Une grande affaire avec la Corée du Nord

Par Vincent Brooks et Ho Young Leem

Le changement est en cours dans la péninsule coréenne. Lors du huitième congrès du Parti des travailleurs coréens en janvier, le dirigeant nord-coréen Kim Jong Un a orchestré un changement décisif dans les politiques économiques et militaires fondamentales du pays. Il s’est éloigné du principe de « l’armée d’abord » de son père ( Songun ), qui donnait la priorité aux Forces armées du peuple coréen, et l’a remplacé par une idéologie de « People and Masses First » ( Inmin Daejung Jaeil ). Cette réorganisation du système de gouvernance de la Corée du Nord donne du pouvoir au parti au pouvoir aux dépens du KPAF, soutenant la quête perpétuelle de Kim pour la consolidation du pouvoir. Plus important encore, il prépare le terrain pour les efforts visant à ressusciter l’économie moribonde de la Corée du Nord.

Le récent niveau de retenue de l’armée nord-coréenne a été un changement tout aussi important. Lors du défilé militaire d’octobre 2020, la KPAF a présenté le Hwasong-16, son dernier missile balistique intercontinental, mais n’a accompagné sa présentation d’aucune rhétorique agressive ni mention directe des États-Unis. Cela contraste fortement avec son dernier défilé, en septembre 2018, où, comme des défilés avant lui, plusieurs chars affichaient le slogan : « Détruisez les agresseurs impérialistes américains, l’ennemi juré de la RPDC !

Les critiques de Kim contre les exercices militaires conjoints américano-sud-coréens et les tirs de missiles de croisière et de missiles balistiques à courte portée par son pays ont également été plus notables pour leur niveau de retenue que pour l’escalade des tensions sur la péninsule. Les États-Unis et la Corée du Sud devraient mener d’autres exercices militaires conjoints plus tard cet été, il reste donc à voir si cette retenue se poursuivra.

Ces changements représentent une reconnaissance par Kim que son pays est dans une situation qui empire. L’économie de la Corée du Nord a été dévastée par les effets combinés des restrictions liées au COVID-19, des sanctions internationales et d’une série implacable de catastrophes naturelles. L’année dernière, la Corée du Nord a connu une contraction économique paralysante de 8,5%. Kim lui-même a décrit la situation alimentaire comme “devenant tendue”, et l’Organisation des Nations Unies pour l’alimentation et l’agriculture a estimé que la demande nord-coréenne en produits alimentaires de base dépasse l’offre de 970 000 tonnes.

La sécurité économique est actuellement la priorité absolue de Pyongyang. L’idéologie People and Masses First a été invoquée à plusieurs reprises pour faire pression sur les responsables du parti afin qu’ils combattent les retards bureaucratiques et la corruption tout en encourageant le public à faire preuve de loyauté envers Kim face aux « graves difficultés » et aux « difficultés accumulées ». Kim marche prudemment sur le front militaire afin de ne pas se priver de l’opportunité d’un dialogue avec les Etats-Unis, qui pourrait servir de garant de la sécurité économique future de son pays.

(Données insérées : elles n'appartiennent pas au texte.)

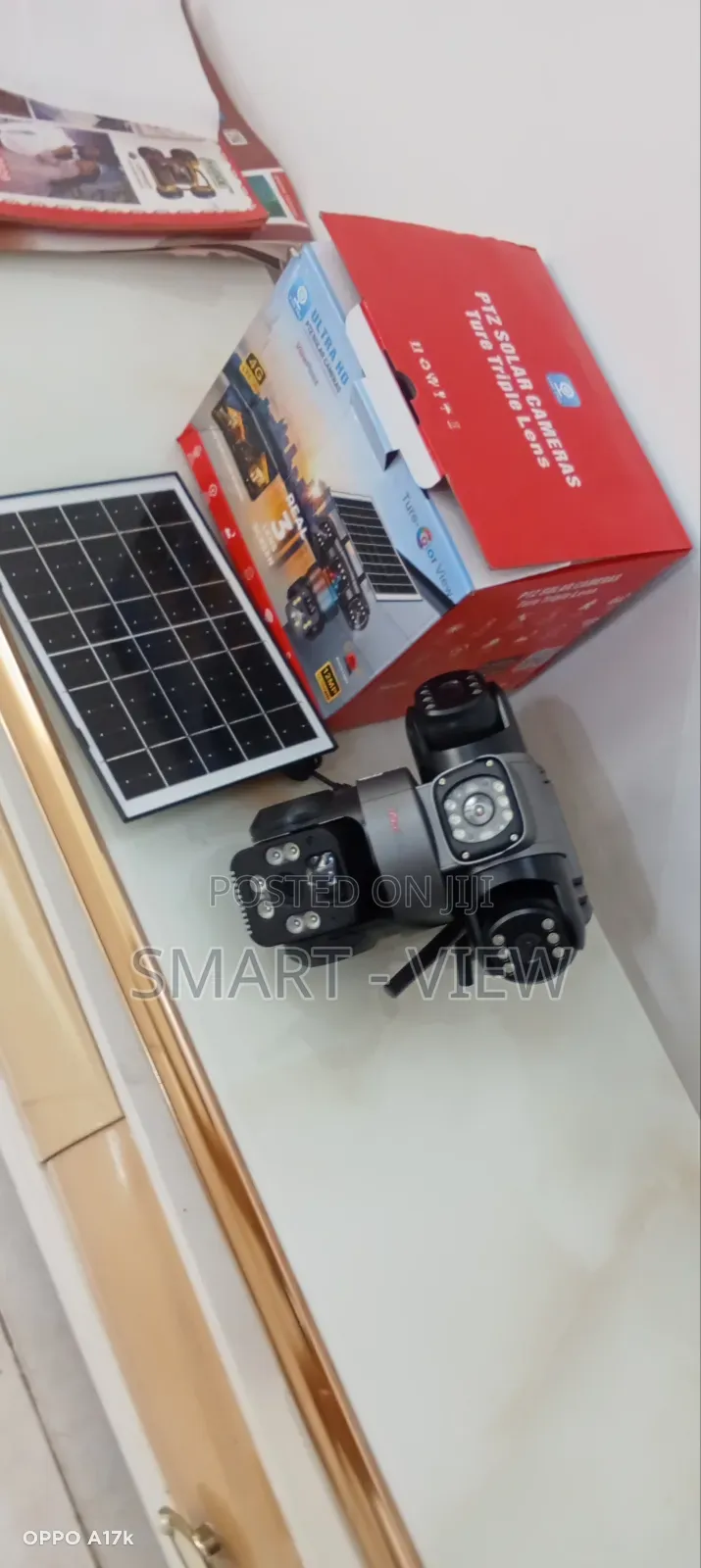 PTZ Solar Powered Triple Lens CCTV Camera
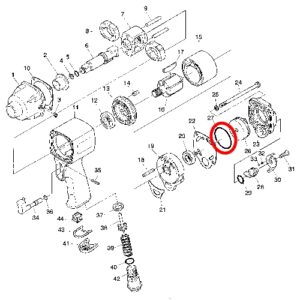 [SP VESSEL] — SP-7140 Parts Dial O-Ring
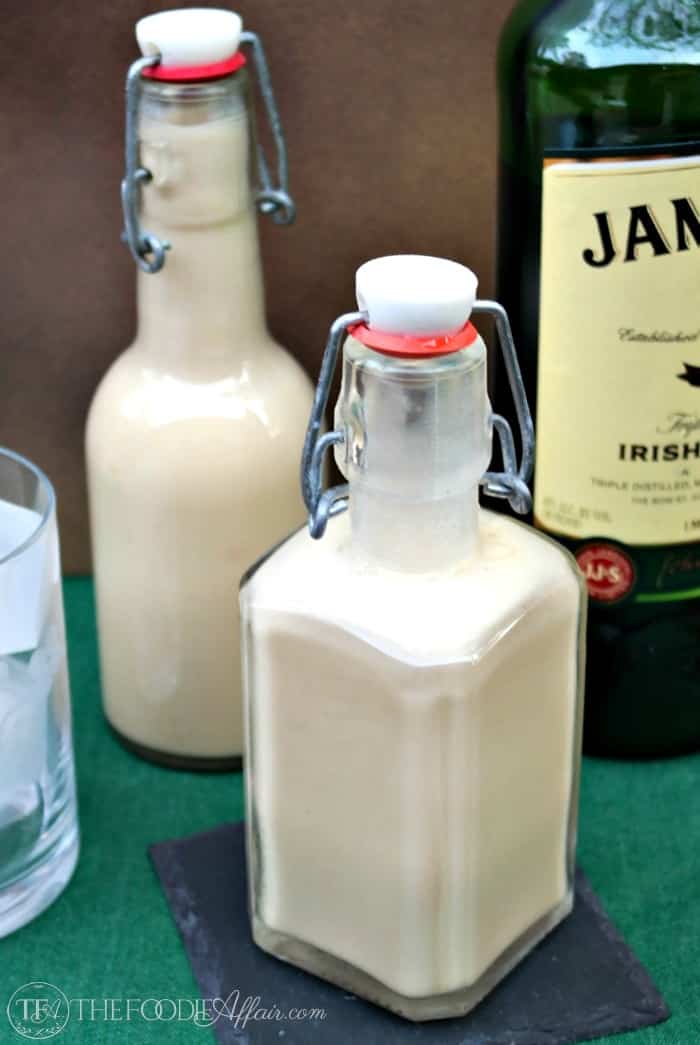 Homemade Irish Cream! This copycat Bailey's recipe is easy to make and can be added to recipes for a extra kick of flavor | www.thefoodieaffair.com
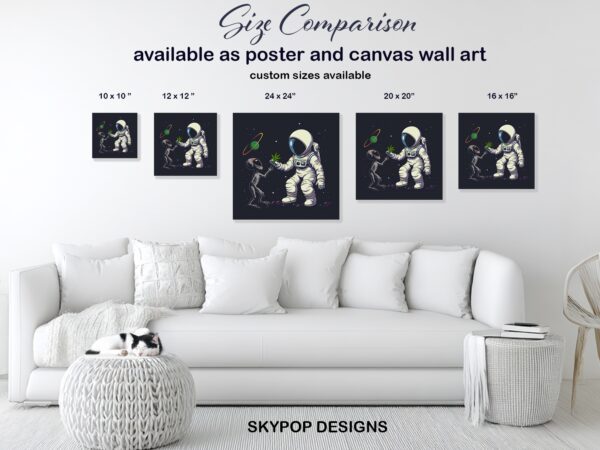 Astronaut Alien Encounter Art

Pour le président américain Joe Biden et le président sud-coréen Moon Jae-in, le changement de Pyongyang représente une opportunité. Ils devraient viser à résoudre les problèmes de sécurité sous-jacents de la Corée du Nord – en particulier sa sécurité économique – en échange de progrès sur la dénucléarisation, la réduction de la dépendance de Pyongyang vis-à-vis de la Chine et l’intégration éventuelle de la Corée du Nord dans l’ordre international libéral dirigé par les États-Unis avec le soutien étroit du Sud. Corée. Dans le même temps, Washington et Séoul doivent continuer à travailler sur la cimentationleur propre alliance. Leur objectif devrait être d’approcher la Corée du Nord en position de force, privant Pyongyang de l’avantage de faire face à une alliance incohérente. Atteindre une puissance militaire et diplomatique conjointe supérieure est ce qui permettra aux alliés de dissuader les menaces de Kim, permettant une nouvelle approche de la Corée du Nord qui peut ouvrir la voie à une paix durable.

GARDEZ VOS AMIS PROCHES

Dans un premier temps, Séoul devrait éliminer les obstacles politiques qui empêchent les forces militaires américaines en Corée du Sud d’accéder aux principaux centres d’entraînement. L’accès aux quelques zones d’entraînement disponibles pour les manœuvres et l’utilisation de balles réelles, qui sont essentielles au maintien de l’état de préparation militaire, a été restreint, ce qui a conduit les États-Unis à envisager de redéployer certaines forces, telles que les équipages d’hélicoptères d’attaque Apache, au Japon et en Alaska pour entraînement.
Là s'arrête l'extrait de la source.